Though it probably comes as news to you, wars are fought by men, not by slabs of polished granite. This country deserves a war memorial that resembles a hero, not a retaining wall! As a tax-paying veteran, I demand a monument that looks like me. (See enclosed photograph.) It’s time you set aside your roach clip and found yourself a drug-free American sculptor with a degree in art rather than spelling. Do you want to be remembered as the president who rolled the tightest joints or as the statesman who slept around (a lot!) but still gave the American people something we can all appreciate?

Mull it over, Stoney.

Anthony Primo

Cherry Point, Neb.





You Can’t Kill the Rooster



When I was young, my father was transferred and our family moved from western New York State to Raleigh, North Carolina. IBM had relocated a great many northerners, and together we made relentless fun of our new neighbors and their poky, backward way of life. Rumors circulated that the locals ran stills out of their toolsheds and referred to their house cats as “good eatin’.” Our parents discouraged us from using the titles “ma’am” or “sir” when addressing a teacher or shopkeeper. Tobacco was acceptable in the form of a cigarette, but should any of us experiment with plug or snuff, we would automatically be disinherited. Mountain Dew was forbidden, and our speech was monitored for the slightest hint of a Raleigh accent. Use the word “y’all,” and before you knew it, you’d find yourself in a haystack French-kissing an underage goat.

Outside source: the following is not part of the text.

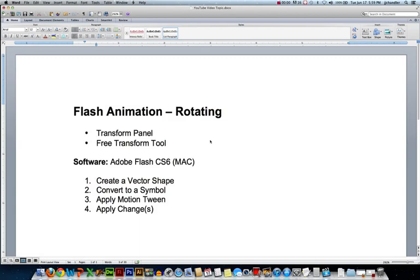Hi, this is JJ at CCBC. In this video, we'll look at how to rotate objects in your Flash animations. Major topics we'll cover are the Transform panel and the Free Transform tool. The software I'm using is Adobe Flash Creative Suite version 6 on a Mac.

Along with grits and hush puppies, the abbreviated form of you all was a dangerous step on an insidious path leading straight to the doors of the Baptist church.

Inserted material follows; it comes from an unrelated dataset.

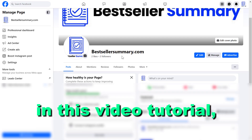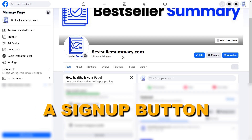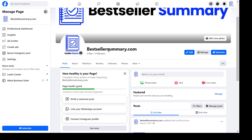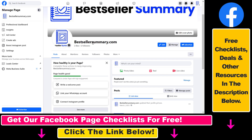Hey everybody, in this video tutorial I'm going to show you how to add a sign up button to your Facebook page. So if you want to collect emails or newsletter subscribers from your Facebook business page, here's how you can add a sign up action button, which makes it really easy for people to add their email address and subscribe for a newsletter or an email list.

We might not have been the wealthiest people in town, but at least we weren’t one of them.

Our family remained free from outside influence until 1968, when my mother gave birth to my brother, Paul, a North Carolina native who has since grown to become both my father’s best ally and worst nightmare. Here was a child who, by the time he had reached the second grade, spoke much like the toothless fishermen casting their nets into Albemarle Sound. This is the grown man who now phones his father to say, “Motherfucker, I ain’t seen pussy in so long, I’d throw stones at it.”

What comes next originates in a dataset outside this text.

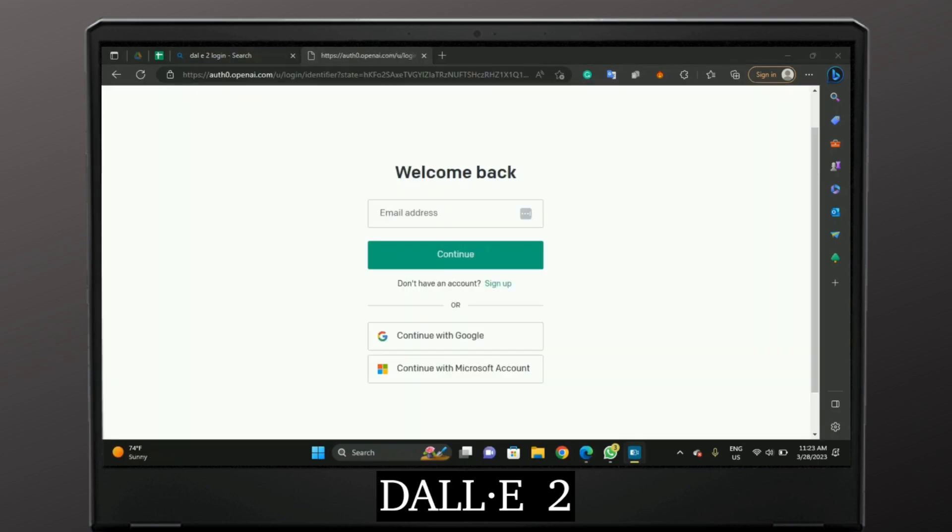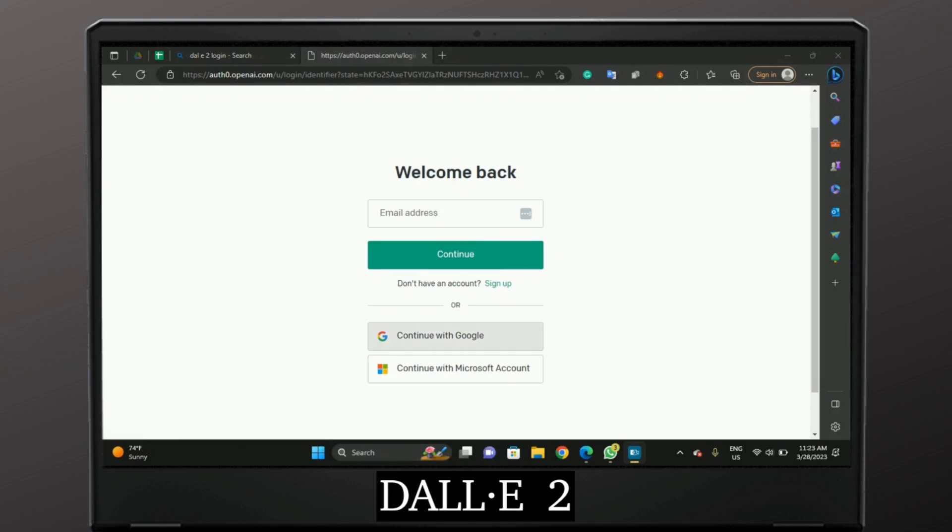So once you're at this page, enter your email address and tap continue. If you don't have an account, tap on sign up or you can also continue with Google or with your Microsoft account.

My brother’s voice, like my own, is high-pitched and girlish. Telephone solicitors frequently ask to speak to our husbands or request that we put our mommies on the line. The Raleigh accent is soft and beautifully cadenced, but my brother’s is a more complex hybrid, informed by his professional relationships with marble-mouthed, deep-country work crews and his abiding love of hard-core rap music. He talks so fast that even his friends have a hard time understanding him. It’s like listening to a foreigner and deciphering only shit, motherfucker, bitch, and the single phrase You can’t kill the Rooster.